In the Editorial Reviews section of the album’s site on, Dickinson is quoted: “Blues and Ballads, this acoustic collection of songs interpreted simply, recorded live, solo or with a small group of friends, celebrates my relationship between music, songs, the written word and legacy…I represent the Memphis underground and the mid-south region’s music. This art is not for the masses. It is meant to wither and fade and then rise from the ashes again and again, evolving and mutating.”

With Luther on guitar, vocals, mandolin, piano, and coffee can diddley-bo are Sharde Thomas on drums, fife and vocals; Amy LaVere on upright bass and vocals; Lillie Mae Rische on fiddle and vocals; Charles Hodges on B3 organ and piano; Paul Taylor on tub bass; Jimmy Crosthwait on washboard, cardboard box and maracas; Sharisse and Shontel Norman on vocals; Will Sexton on drums and acoustic guitar; special guest star Mavis Staples on vocals; JJ Grey on vocals; Jason Isbell on slide guitar; Dominic Davis on upright bass; Boo Mitchell on “love and happiness conga”; Alvin Youngblood Hart on guitar and vocals; and Jimbo Mathus on banjo and vocals.

It’s truly impossible to pick the three best songs on this CD, but yours truly shall attempt it.

Track 03: “Bang Bang Lulu” – This serpentine, tongue-in-cheek shuffle features piano, fiddle, and guitar hotter than Hades.

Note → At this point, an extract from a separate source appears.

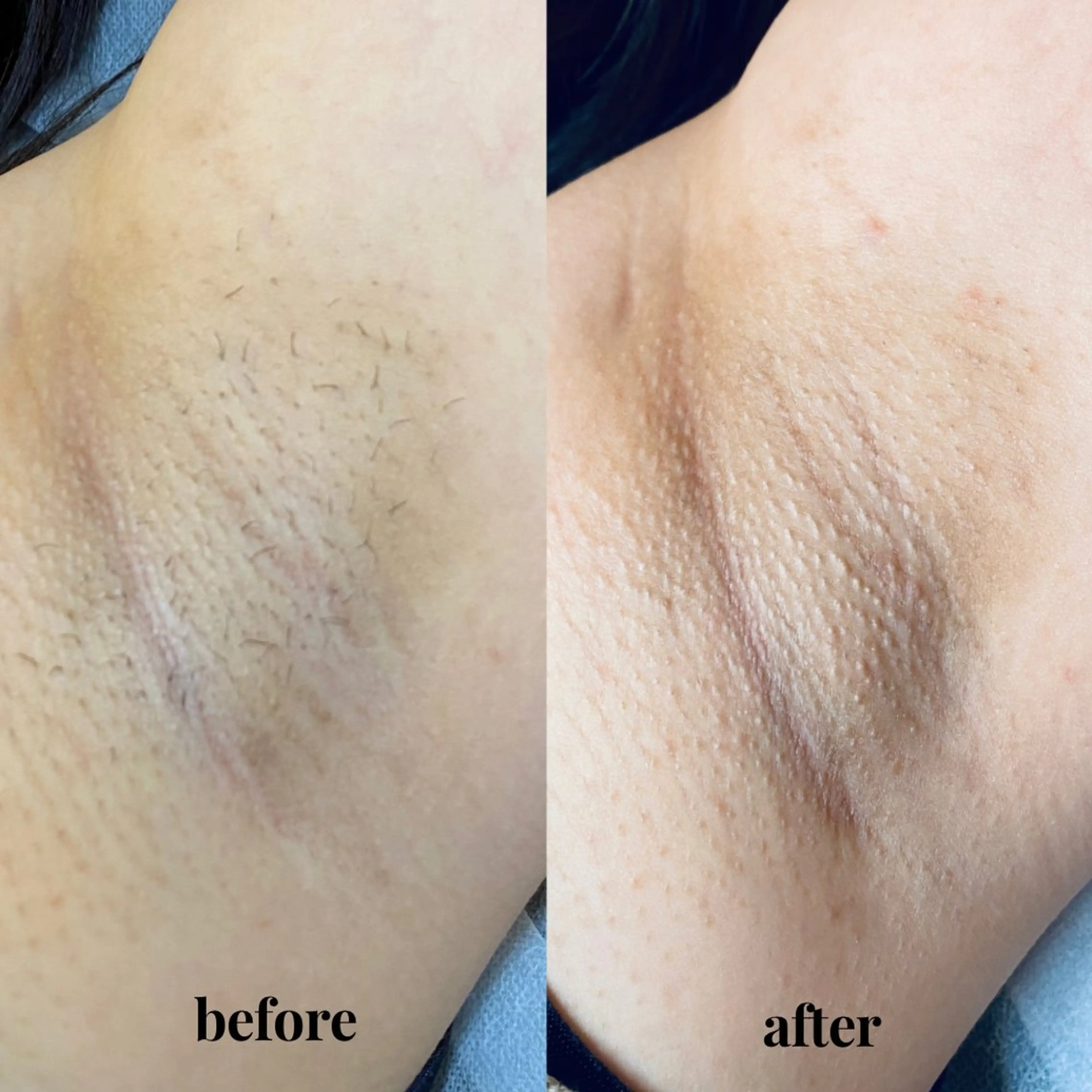 脱毛 シュガーリング 【MARLS】の眉毛・アイブロウイメージ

Its chorus isn’t tepid, either: “Bang, bang, Lulu – don’t bang away so strong. What you gonna do for bangin’ when Lulu’s dead and gone?” If it doesn’t get people up and dancing, nothing will. Track three is the kind of voodoo-magic tune that makes people wonder if some artists do sell their souls to play the blues.

Track 08: “Ain’t No Grave” – Mavis Staples displays commanding vocal prowess on a dynamite duet with Dickinson. The theme of their waltzing ballad is familiar yet comforting: Death does not have the final say when it comes to our loved ones. “I would hope to be as brave as he was on judgment day. Ain’t no grave hold his body down. Ain’t no grave hold his body down.” This song is haunted. So shall anyone be who hears and ponders it.

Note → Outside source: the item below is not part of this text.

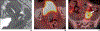 Fig. 11—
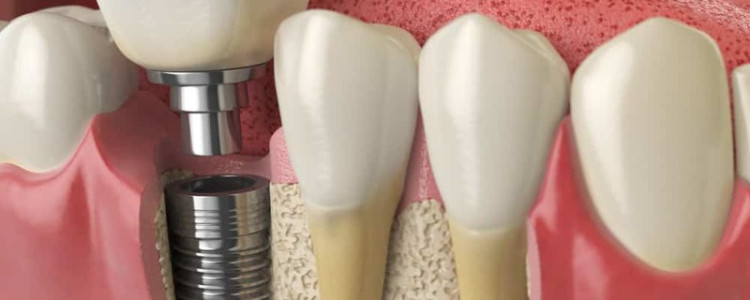 Коронка на зуб: когда необходима и от чего зависит выбор конструкции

Track 15: “Mojo, Mojo” – Speaking of voodoo, where does a blues artist’s inspiration go when it vanishes? Our narrator desperately wants to know: “Mojo, mojo, where you been? ‘Been to hell and back, and back again.’ Mojo, mojo, where’d you go? ‘Believe me, son, you don’t want to know.’” The best thing about this song is the eerie guitar, whom some might imagine is being strummed by a skeletal hand.

There’s an old saying that “true art never sells,” but Blues & Ballads should go platinum!